(Scraped caption text data)

.....

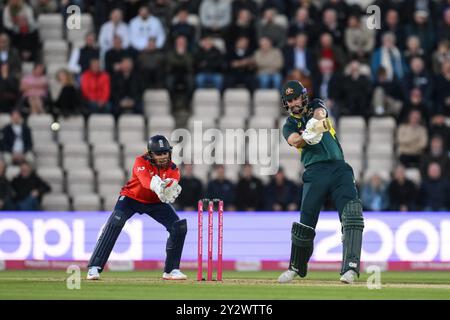 Southampton, Großbritannien. September 2024. Matthew Short of Australia trifft beim ersten Match der Vitality IT20 Series England gegen Australien am 11. September 2024 in Southampton, Großbritannien (Foto: Craig Thomas/News Images) in Southampton, Großbritannien am 11. September 2024. (Foto: Craig Thomas/News Images/SIPA USA) Credit: SIPA USA/Alamy Live News Stockfoto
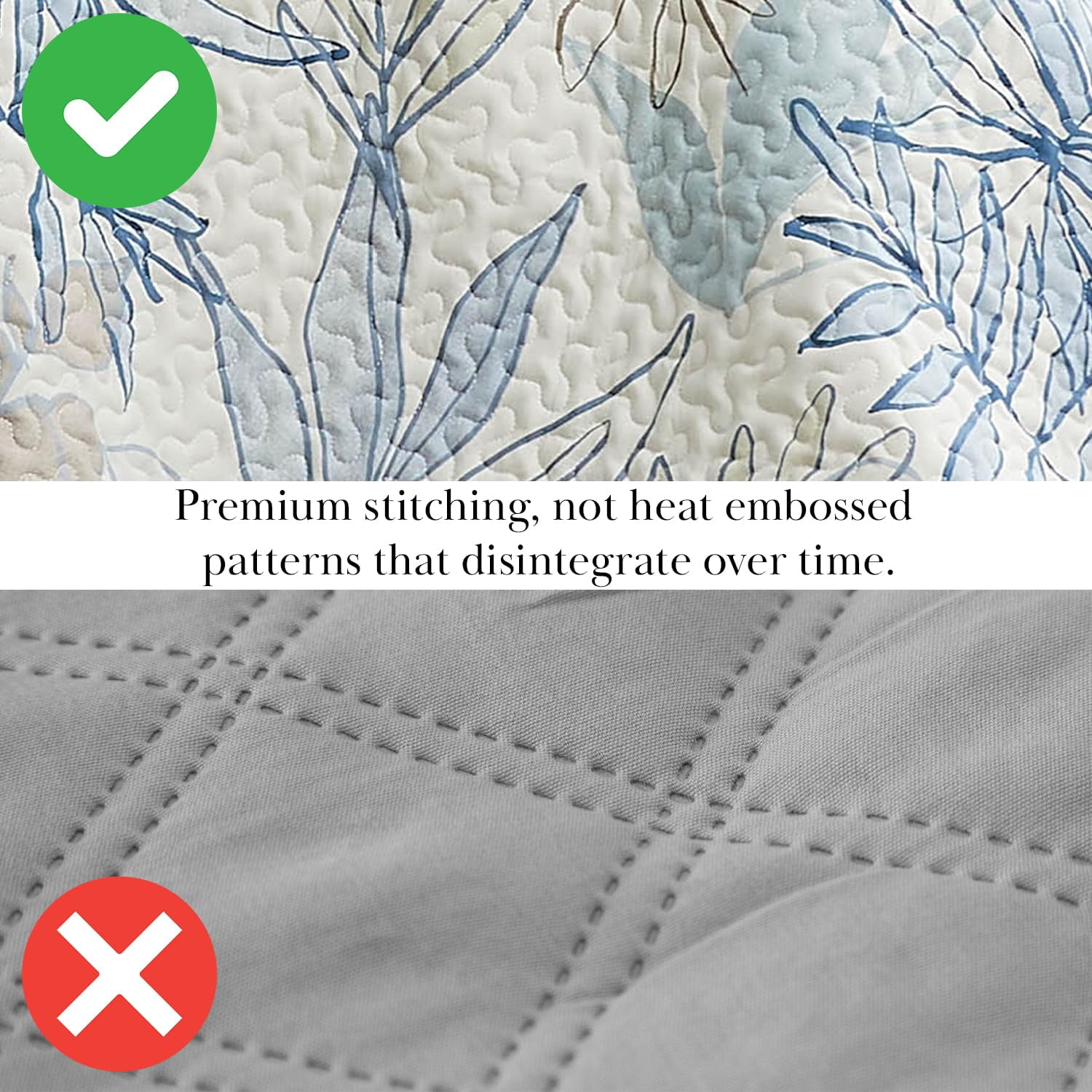 Southshore Fine Living, Inc. Oversized Quilt Bedding Set, 2-Piece Twin XL Coverlet with Matching Pillow Sham, Tropical Print Coverlet, All Season Quilt Bedspread, Lightweight Twin XL Quilts, Blue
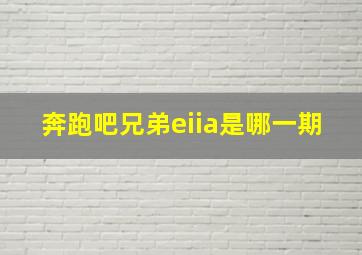 奔跑吧兄弟eiia是哪一期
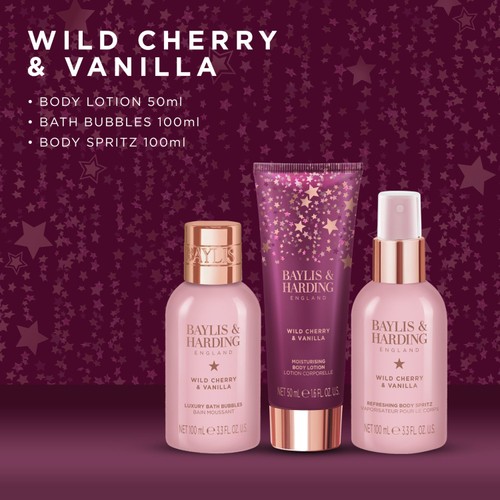 Baylis & Harding Wild Cherry & Vanilla Gift Wrapped Pamper Trio Gift Set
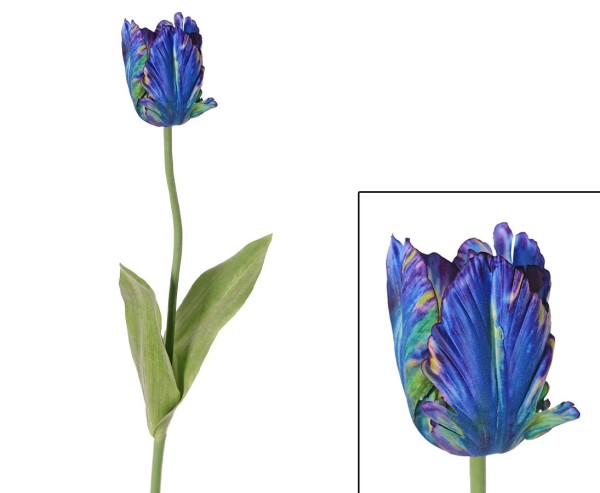 Tulpe als Kunstblume "Amsterdam" mit Blüte in bläulichem Farbton 66cm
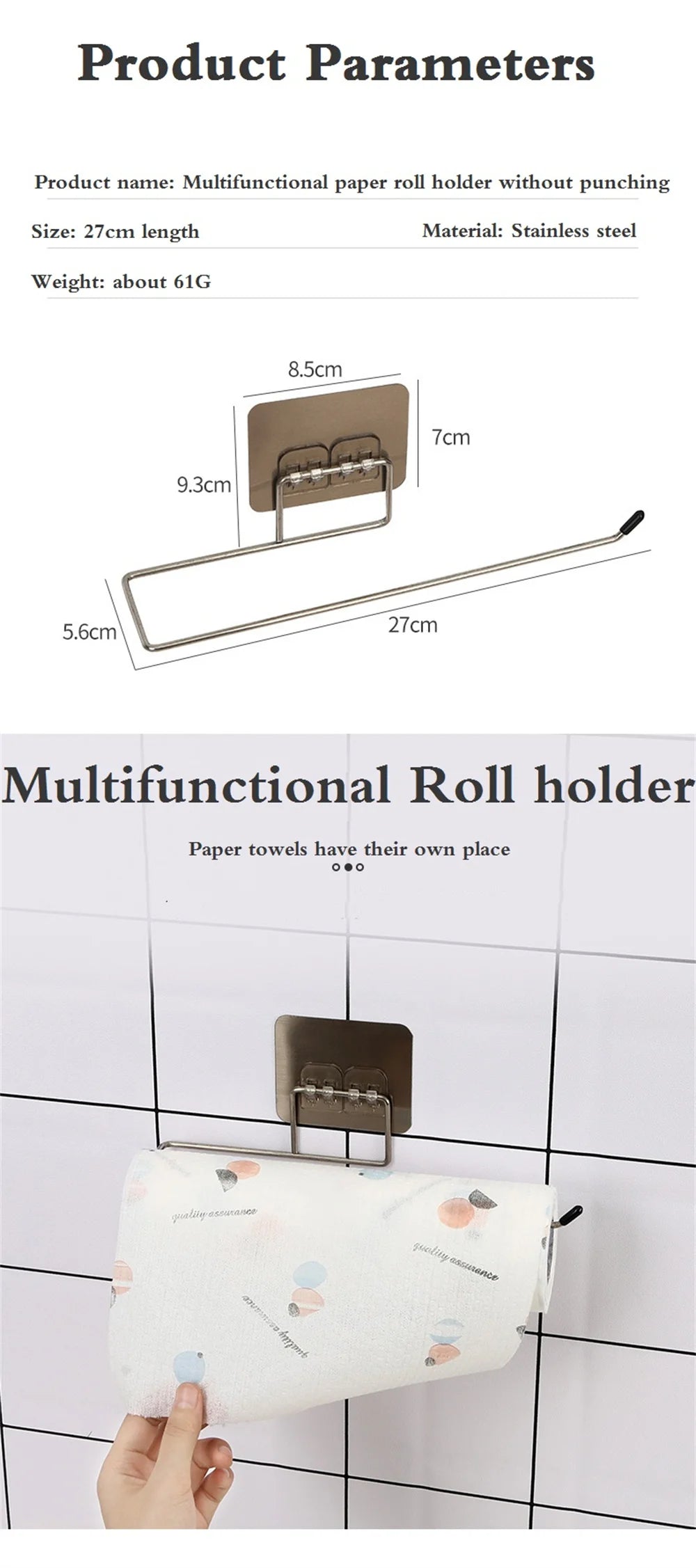 Hanging Paper Roll Towel Holder Bathroom Toilet Storage Stand Kitchen Organizer Napkin Rack Stainless Steel Adhesive Wall Mount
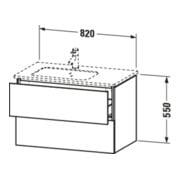 Duravit Meuble sous lavabo L-Cube 82x48,1x55 cm, 2 tiroirs, évier à gauche, blanc œuf-4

.....

--- What the task asks ---
Output a verbatim copy of the lines from the line containing "Tulpe als Kunstblume" through the end of the data, both included, without any images.

--- Reply to the exercise ---
 Tulpe als Kunstblume "Amsterdam" mit Blüte in bläulichem Farbton 66cm
 Hanging Paper Roll Towel Holder Bathroom Toilet Storage Stand Kitchen Organizer Napkin Rack Stainless Steel Adhesive Wall Mount
 Duravit Meuble sous lavabo L-Cube 82x48,1x55 cm, 2 tiroirs, évier à gauche, blanc œuf-4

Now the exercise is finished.